#### STORED DATA

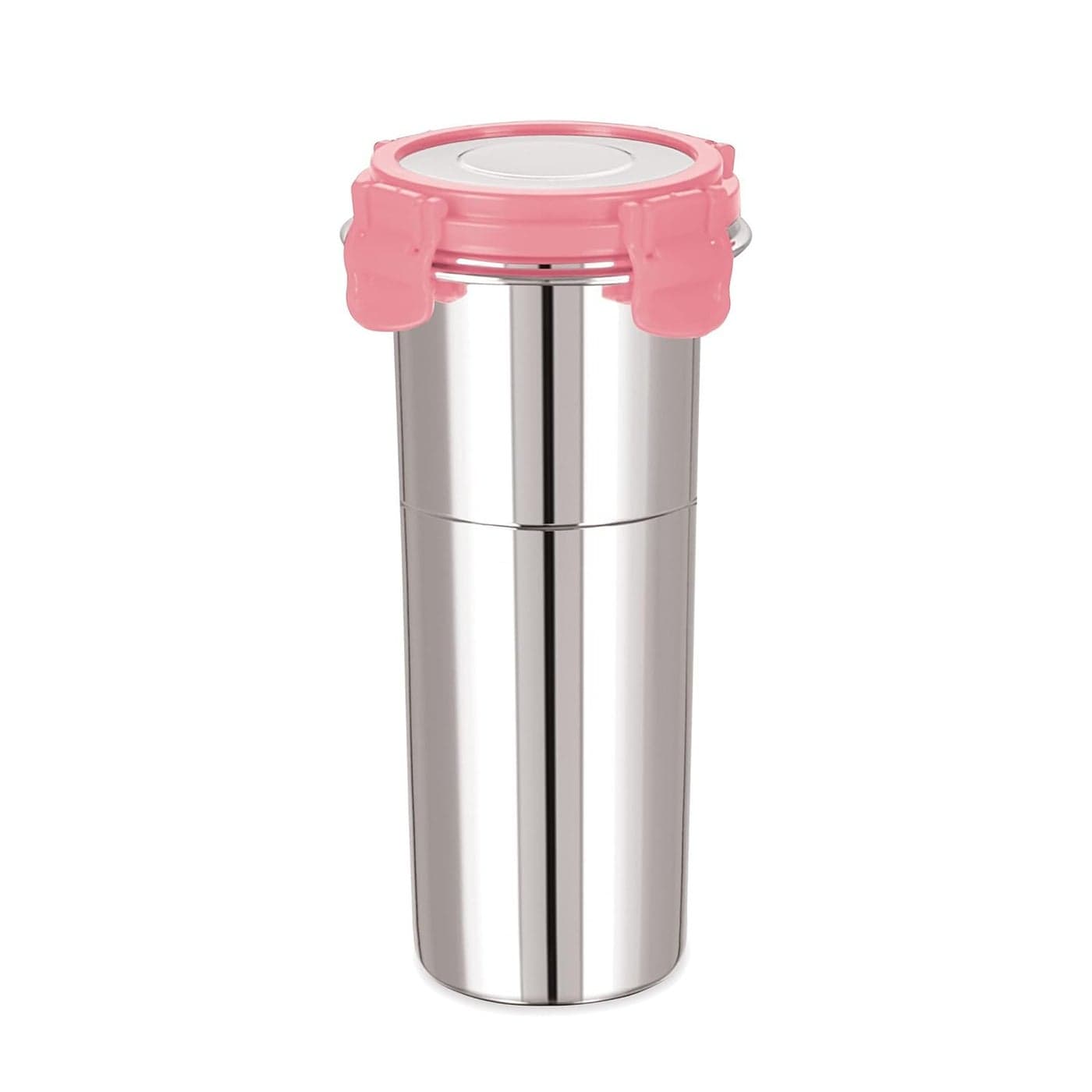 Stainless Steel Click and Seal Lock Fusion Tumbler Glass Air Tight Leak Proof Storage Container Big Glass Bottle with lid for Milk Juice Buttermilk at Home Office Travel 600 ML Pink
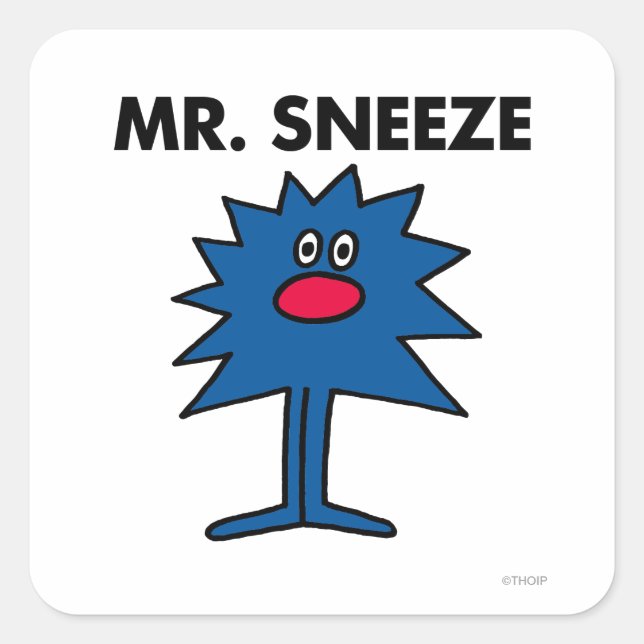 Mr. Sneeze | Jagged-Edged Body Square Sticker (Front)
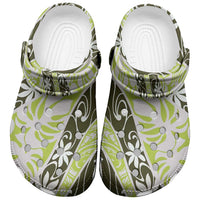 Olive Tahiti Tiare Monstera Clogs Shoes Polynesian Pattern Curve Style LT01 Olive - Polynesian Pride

########

(TO DO)
Write out the data above exactly as it appears, but without any image.

(FINAL ANSWER)
 Stainless Steel Click and Seal Lock Fusion Tumbler Glass Air Tight Leak Proof Storage Container Big Glass Bottle with lid for Milk Juice Buttermilk at Home Office Travel 600 ML Pink
 Mr. Sneeze | Jagged-Edged Body Square Sticker (Front)
 Olive Tahiti Tiare Monstera Clogs Shoes Polynesian Pattern Curve Style LT01 Olive - Polynesian Pride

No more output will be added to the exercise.